Pre-supplementary motor area activity was not significantly different between Tourette syndrome and control participants when choosing whether to act or withhold. The pre-supplementary motor area is a principal site of voluntary action; electrical stimulation here elicits the urge to move (Fried et al., 1991) and focal activation underscores ‘what–when–whether’ decisions during fMRI (Zapparoli et al., 2017a). Curiously, prior fMRI studies have shown SMA (rather than preSMA) activity prior to release of tics (Bohlhalter et al., 2006; Neuner et al., 2014): We proposed that the role of the preSMA in tics may be ascribing a ‘somewhat intended’ or ‘unvoluntary’ experience to ‘explain away’ motor prediction errors, arising from the release of tics fostered by SMA and basal ganglia dysfunction (Rae et al., 2019). We argue that during tic suppression, the preSMA may signal to subcortical structures, in particular the sub-thalamic nucleus, to pause motor outflow, whereas the IFG amplifies this inhibitory effect (Rae et al., 2015, 2019). Both these propositions imply that the preSMA is not a site of overt dysfunction in Tourette syndrome relative to controls, whereas basal ganglia and lateral prefrontal sites are implicated in tic genesis and suppression, respectively. Meta-analyses show that across tasks, both IFG and SMA, but not preSMA, are hyperactive in Tourette syndrome (Polyanska et al., 2017). Future application of multivariate pattern analysis techniques (Haxby et al., 2014) holds potential to determine whether sub-populations of preSMA neurons underpinning choices to move or withhold (Fedota et al., 2014) are functionally different in patients with Tourette syndrome. More fine-grained neuroimaging (at higher field strength than employed here) will be valuable in exploring interactions between IFG and the sub-thalamic nucleus. This may delineate more precisely how hyperactivity within IFG and caudate nucleus contributes to pausing of basal ganglia outflow to primary motor cortex.

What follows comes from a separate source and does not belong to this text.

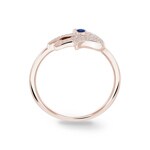 Ring 750/18 K Roségold Fatima-Hand mit Saphir & Diamanten 0.10 ct H/si - RI-24295-RG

Psychophysiological interactions
We used functional connectivity analyses to explore how prefrontal and motor planning regions, namely the IFG and preSMA, interact with downstream regions, including basal ganglia. Greater functional connectivity was observed from the preSMA during Choose-Go (but not Choose-NoGo) trials, and from the IFG during Choose-NoGo (but not Choose-Go) trials. These results indicate that the preSMA perhaps makes a stronger contribution to movement production and the IFG a stronger contribution to movement withholding (Aron et al., 2016). Next, we examined how preSMA and IFG interactions scale according to disorder severity in Tourette syndrome. Notably, when choosing to go, preSMA functional connectivity to the caudate nucleus, globus pallidus and thalamus was stronger in patients with worse premonitory sensations. Thus, pathways driving volitional production of movement appear hyper-connected in individuals with greater premonitory sensations, which may be underscored by structural connectivity of white matter tracts connecting preSMA to the basal ganglia (Worbe et al., 2015).

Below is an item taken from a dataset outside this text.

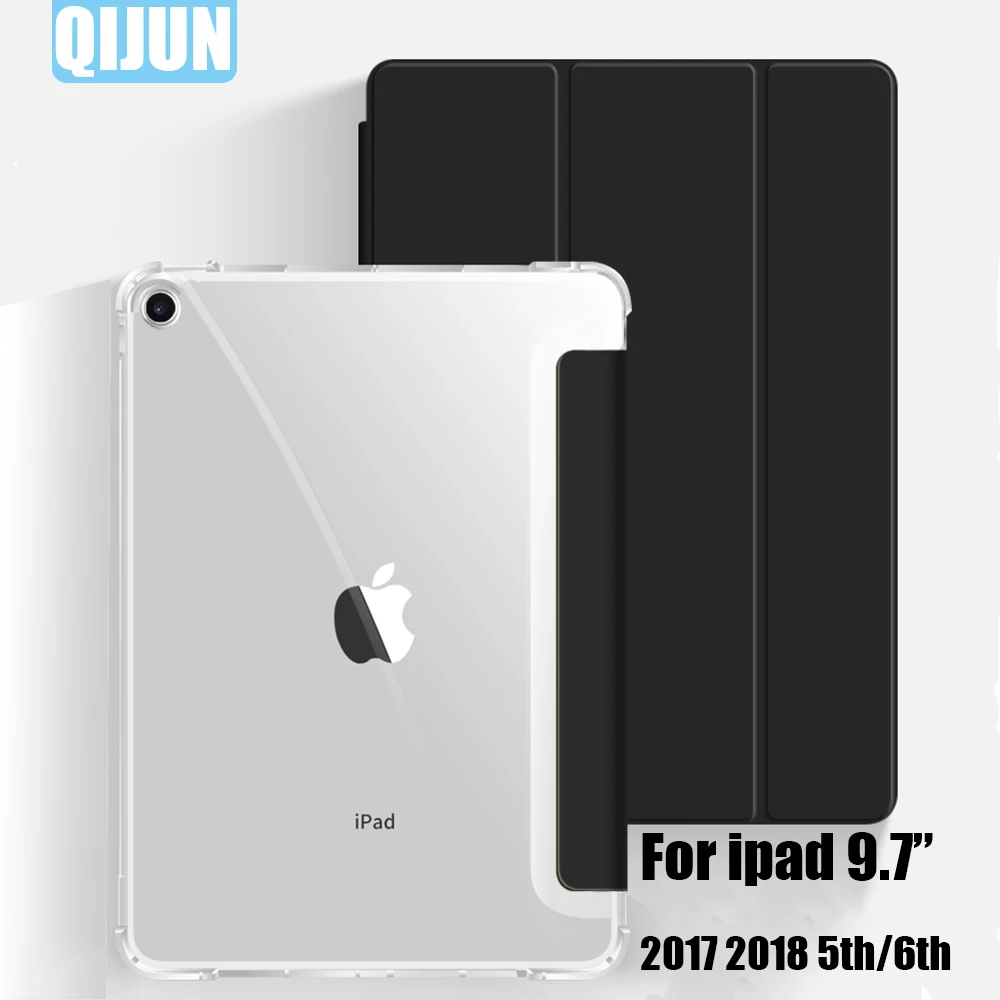 애플 아이패드용 태블릿 케이스, 2018 PU 가죽, 스마트 수면 깨우기 트라이폴드 스탠드, 솔리드 커버, 9.7 인치, 아이패드 6 th A1893 A1954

We did not observe increased preSMA functional connectivity with the insula, a region implicated in generating premonitory sensations that can foster tic production through outputs to midline motor regions (Jackson et al., 2011; Cavanna et al., 2017; Conceicao et al., 2017). Speculatively, this may reflect greater insular inputs to the SMA, rather than preSMA (Rae et al., 2019). Also, our task modelled ‘whether’ decisions to release or withhold movements, and correspondingly elicited activity in canonical voluntary action regions. However, this arguably has different ecological validity compared to blink suppression tasks (Mazzone et al., 2010; van der Salm et al., 2018), which might engender stronger feelings of urge and premonitory sensations.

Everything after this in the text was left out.